In Pennsylvania, pursuant to Section 202(a) of the Tax Reform Code of 1971 (Code), a tax of six percent of the purchase price is “imposed upon each separate sale at retail of tangible personal property or services, as defined herein, within this Commonwealth....” 72 P.S. § 7202(a) (footnote added). A tax of six percent is also imposed on the use within the Commonwealth of tangible personal property purchased at retail “and on those services described herein purchased at retail....” 72 P.S. § 7202(b). The use tax “shall be paid ... by the person who makes such use as herein provided, except that such tax shall not be paid ... by such person where he has paid the [sales] tax imposed by [Section 202(a) of the Code]....” Id. “Use” is defined in Section 201(o )(1) to include “[t]he exercise of any right or power incidental to the ownership, custody or possession of tangible personal property and shall include, but not be limited to transportation, storage or consumption.” 72 P.S. § 7201(o )(1).
Act of March 4, 1971, P.L. 6, No. 2, as amended, 72 P.S. § 7202(a).
What constitutes a “sale at retail” is enumerated in Section 201(k) of the Code.
Additionally, Section 201(f) of the Code defines “purchase at retail” to include:
(1) The acquisition for a consideration of the ownership, custody or possession of tangible personal property other than for resale by the person acquiring the same when such acquisition is made for the purpose of consumption or use, whether such acquisition shall be absolute or conditional, and by whatsoever means the same shall have been effected.
(2) The acquisition of a license to use or consume, and the rental or lease of tangible personal property, other than for resale regardless of the period of time the lessee has possession or custody of the property.
72 P.S. § 7201(f) (emphasis added).
After conducting an audit of Taxpayer's records for the Audit Period, the Department determined that Taxpayer's total sales and use tax for the Audit Period was $1,208,796.86, of which Taxpayer reported $869,240.54. As a result, in March 2011, Taxpayer was issued a Notice of Audit Assessment assessing it: (1) sales and use tax of $339,556.32; (2) interest of $75,181.47; (3) an understatement penalty of $16,977.82; and (4) a major understatement penalty of $8,360.77, for a total amount due of $440,076.38.
Taxpayer then filed a petition for reassessment with the Department's Board of Appeals (Board) regarding application of the sales and use tax to certain contracts which it claims did not involve transactions involving tangible personal property.
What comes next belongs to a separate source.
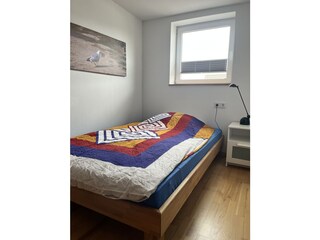 Kleines Schlafzimmer  Französisches Bett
Taxpayer also sought a refund in the amount of $12,959.10 for use tax self-assessed with respect to a transaction with its vendor, IGT, a manufacturer of gaming machines, as royalty/licensing fees. The Board bifurcated the petition and issued two decisions. In one decision, the Board sustained the assessed tax, plus interest, and abated the imposed penalties. In the other decision, the Board denied Taxpayer's refund request in its entirety. Taxpayer then filed a petition for review and a petition for refund with the Board, and the Board denied both petitions. This appeal followed.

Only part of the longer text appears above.